▶ Description of the task:
Write out exactly the lines between the line containing "Halloween Bat And" and the end of the records, counting both ends, and leave out all pictures.

(Source data)

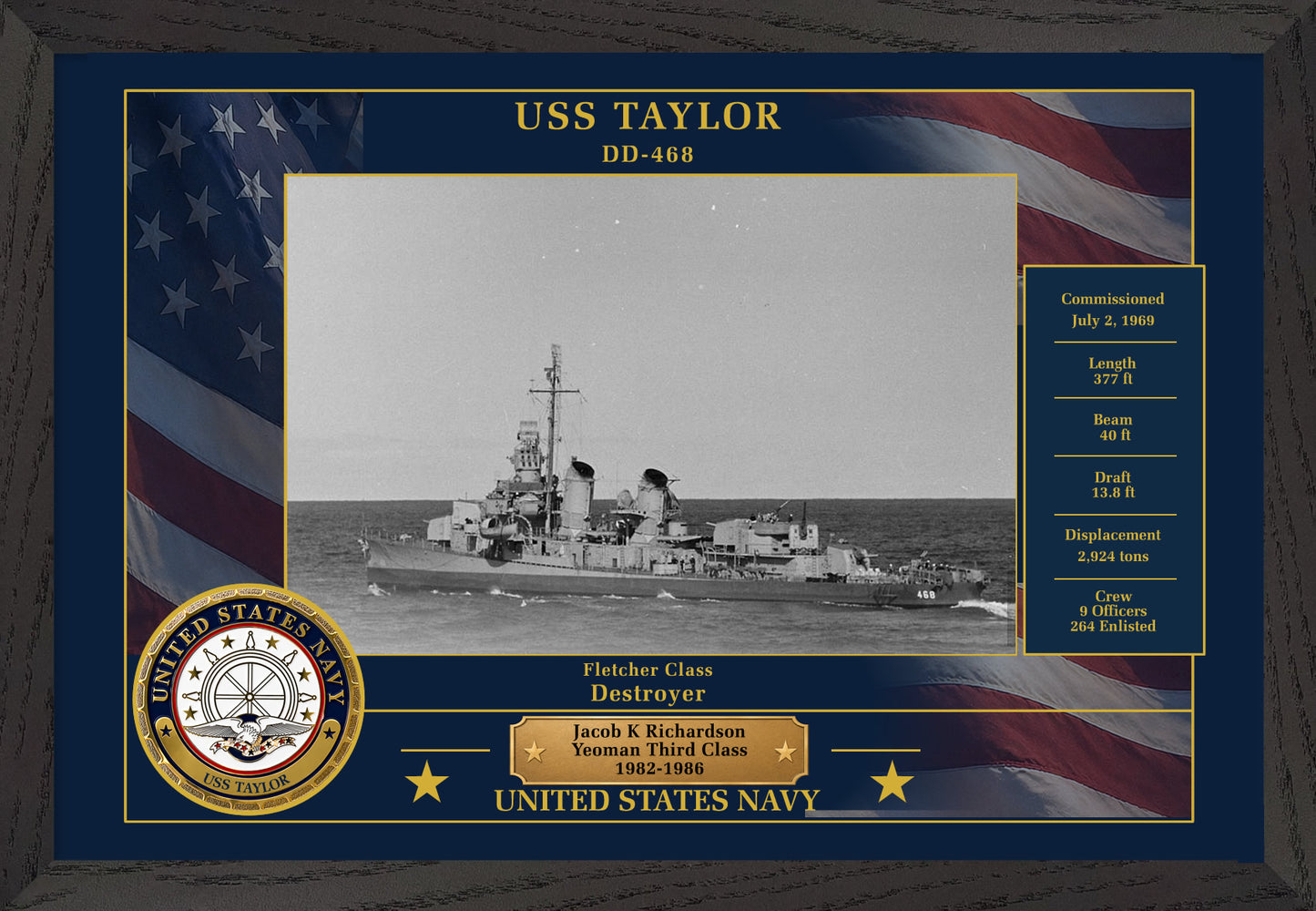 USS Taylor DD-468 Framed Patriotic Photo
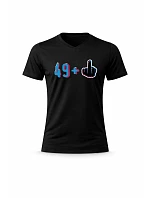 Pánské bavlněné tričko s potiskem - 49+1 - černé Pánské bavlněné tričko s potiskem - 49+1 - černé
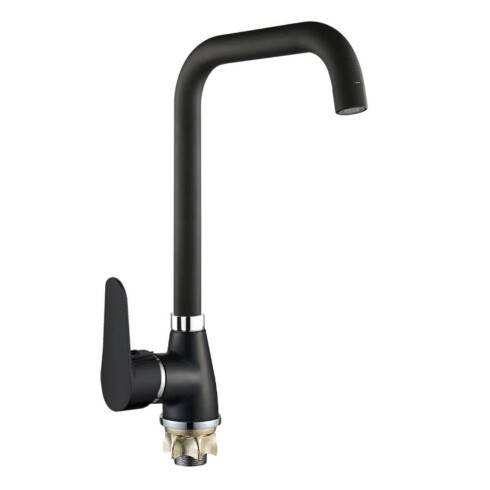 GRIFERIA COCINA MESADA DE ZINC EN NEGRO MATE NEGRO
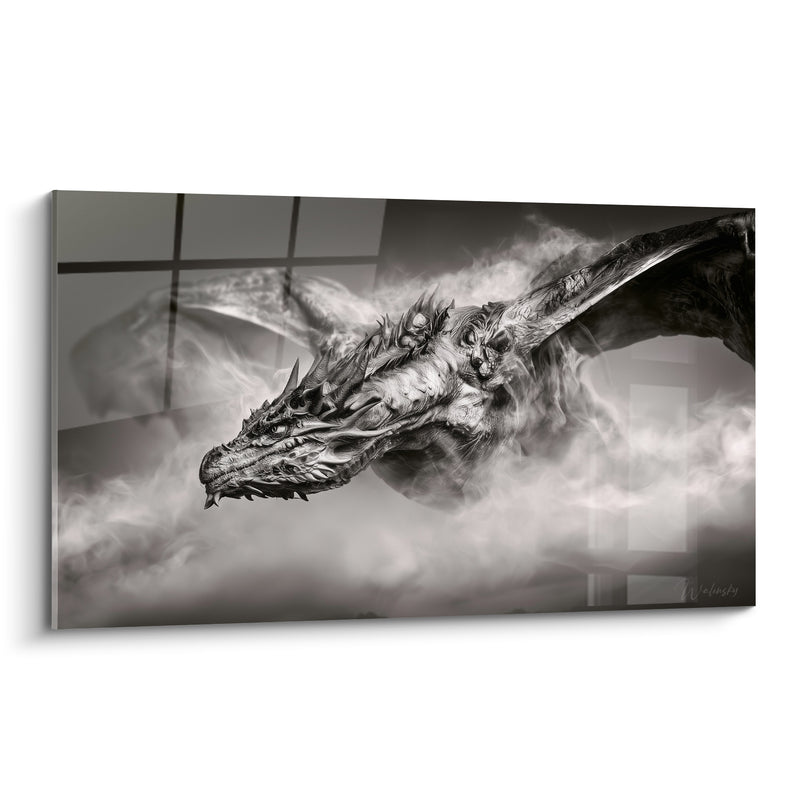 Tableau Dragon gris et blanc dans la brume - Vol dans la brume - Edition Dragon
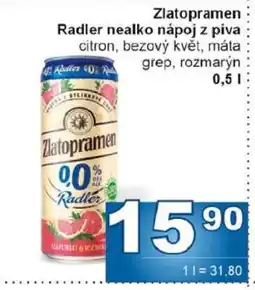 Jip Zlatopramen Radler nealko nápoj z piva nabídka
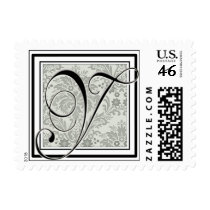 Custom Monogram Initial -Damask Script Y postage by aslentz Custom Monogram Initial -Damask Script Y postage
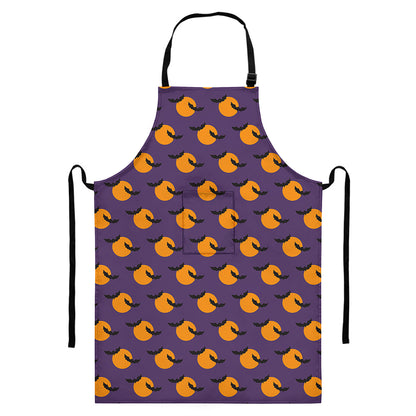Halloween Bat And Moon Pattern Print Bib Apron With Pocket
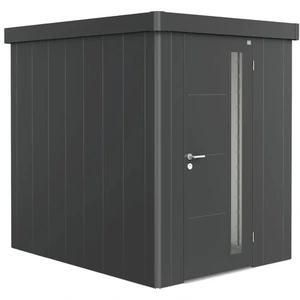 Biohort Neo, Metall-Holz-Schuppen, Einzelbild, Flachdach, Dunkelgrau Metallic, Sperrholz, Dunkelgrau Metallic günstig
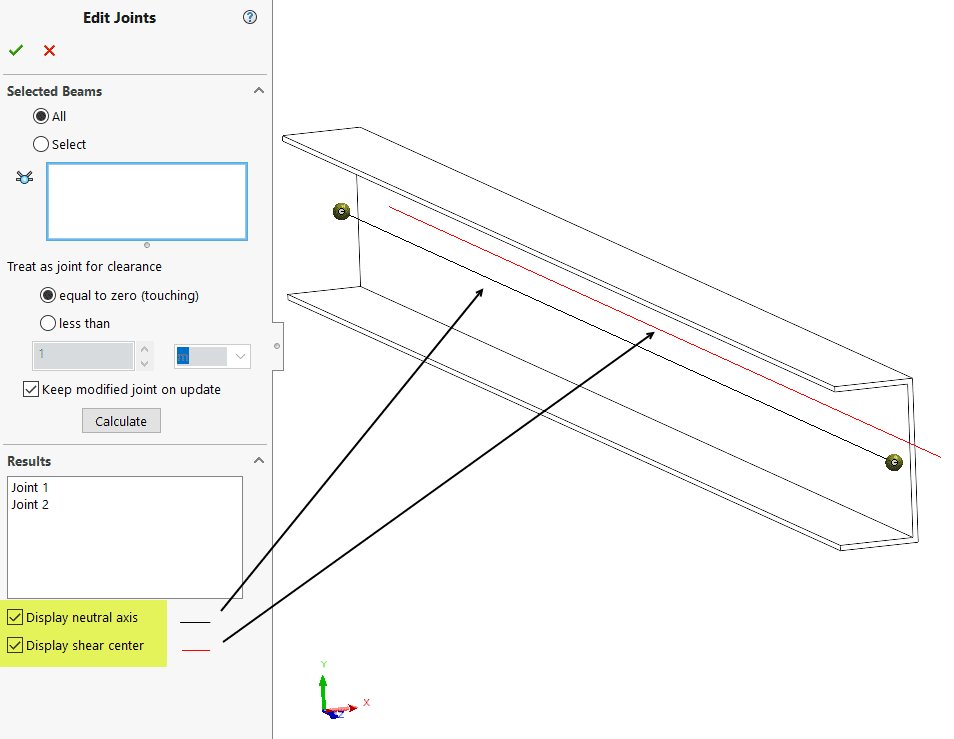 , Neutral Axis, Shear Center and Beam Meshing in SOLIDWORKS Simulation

▶ Solution for this task:
Halloween Bat And Moon Pattern Print Bib Apron With Pocket
 Biohort Neo, Metall-Holz-Schuppen, Einzelbild, Flachdach, Dunkelgrau Metallic, Sperrholz, Dunkelgrau Metallic günstig
 , Neutral Axis, Shear Center and Beam Meshing in SOLIDWORKS Simulation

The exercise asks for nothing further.